**EXERCISE INSTRUCTIONS:** Set down each record exactly. Omit the pictures.

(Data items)
┄┄┄┄┄┄┄┄┄┄┄┄┄┄┄┄┄┄┄┄

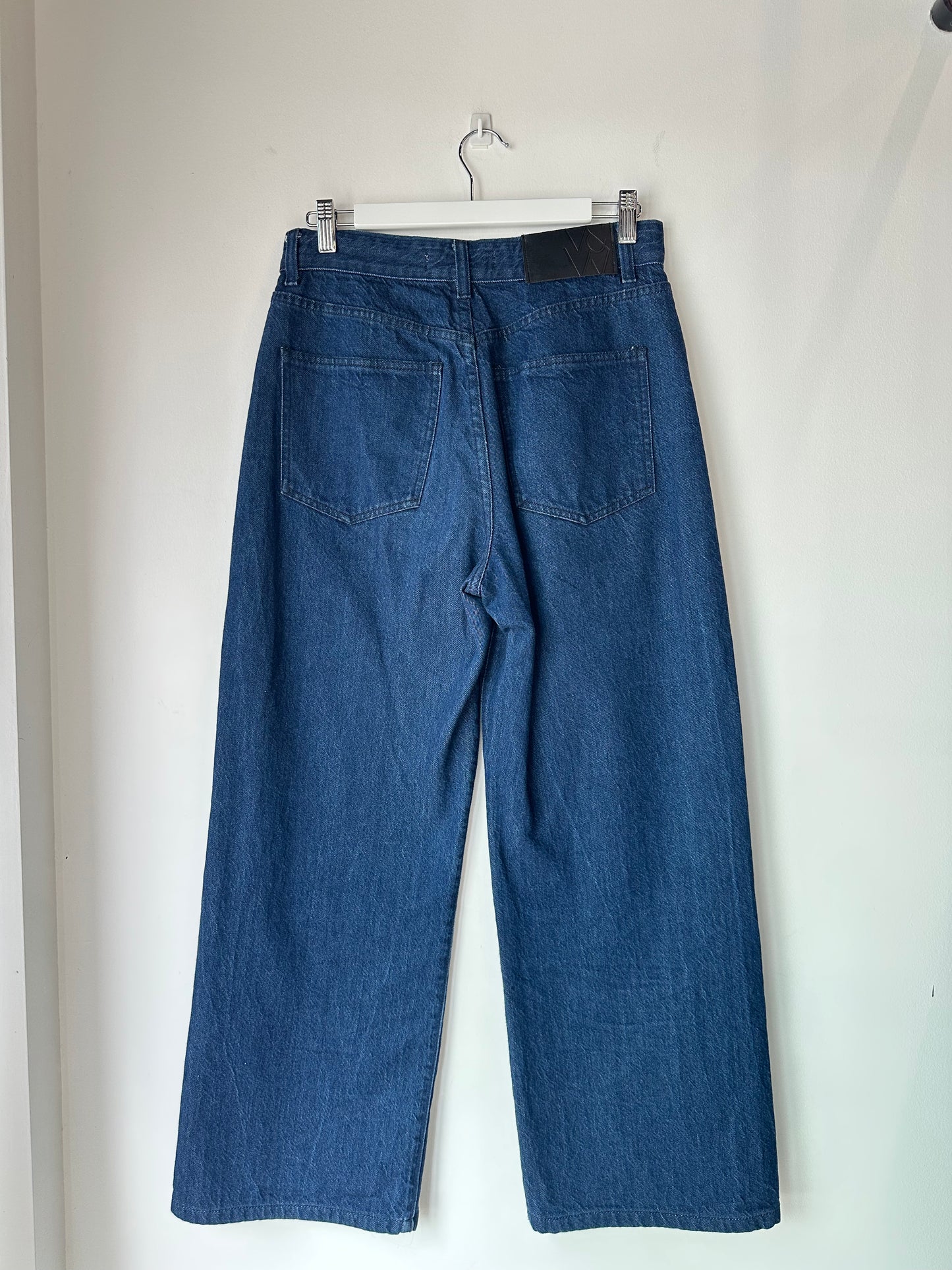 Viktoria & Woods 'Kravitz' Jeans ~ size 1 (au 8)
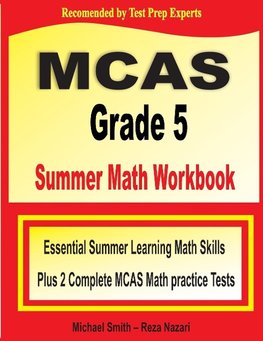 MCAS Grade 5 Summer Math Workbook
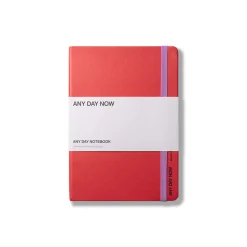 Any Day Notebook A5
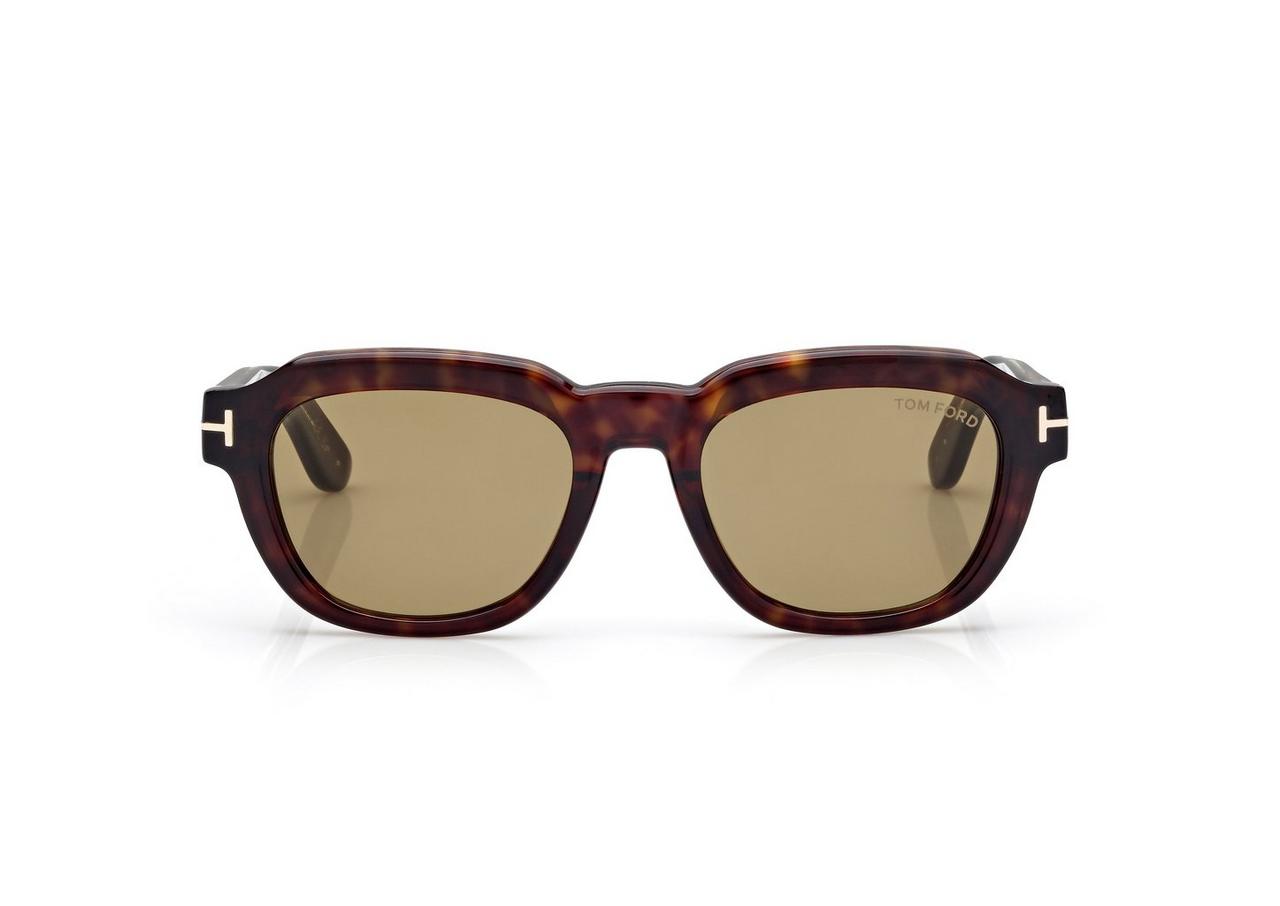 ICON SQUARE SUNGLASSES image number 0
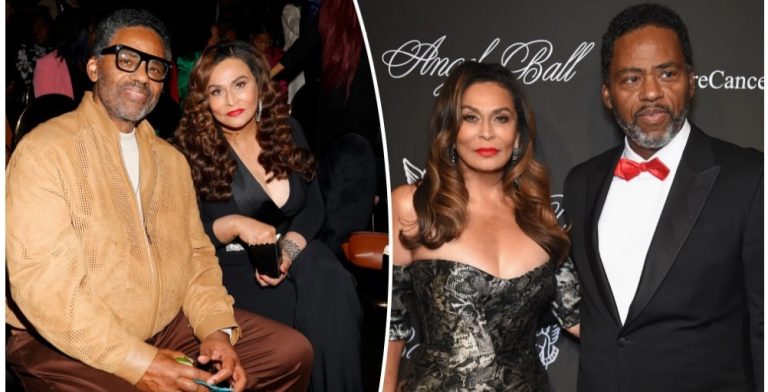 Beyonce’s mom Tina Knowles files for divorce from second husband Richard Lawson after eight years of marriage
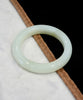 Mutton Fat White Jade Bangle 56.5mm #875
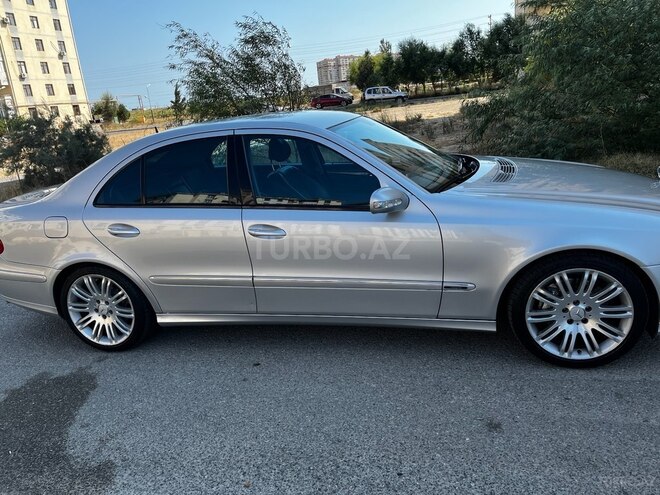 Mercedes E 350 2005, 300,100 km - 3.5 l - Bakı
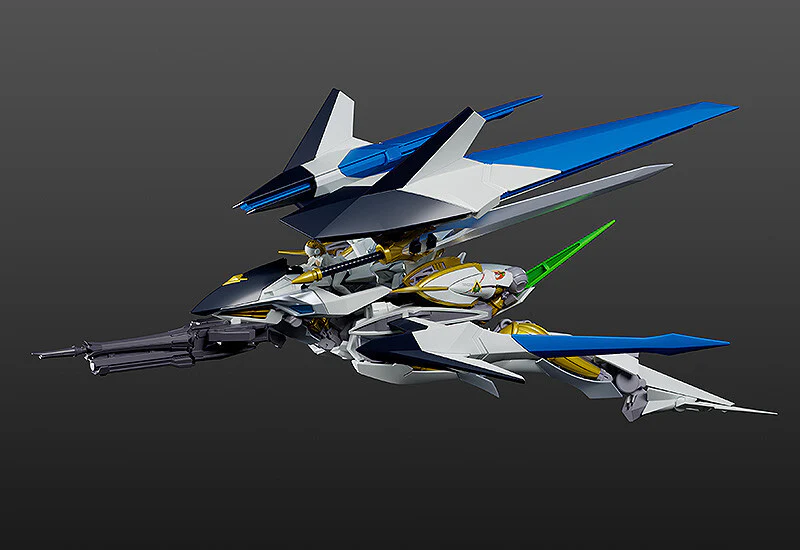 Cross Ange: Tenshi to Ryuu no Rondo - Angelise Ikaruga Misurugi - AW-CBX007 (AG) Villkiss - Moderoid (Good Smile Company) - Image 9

┄┄┄┄┄┄┄┄┄┄┄┄┄┄┄┄┄┄┄┄

**SOLUTION FOR THIS TASK:**
 Viktoria & Woods 'Kravitz' Jeans ~ size 1 (au 8)
 MCAS Grade 5 Summer Math Workbook
 Any Day Notebook A5
 ICON SQUARE SUNGLASSES image number 0
 Beyonce’s mom Tina Knowles files for divorce from second husband Richard Lawson after eight years of marriage
 Mutton Fat White Jade Bangle 56.5mm #875
 Mercedes E 350 2005, 300,100 km - 3.5 l - Bakı
 Cross Ange: Tenshi to Ryuu no Rondo - Angelise Ikaruga Misurugi - AW-CBX007 (AG) Villkiss - Moderoid (Good Smile Company) - Image 9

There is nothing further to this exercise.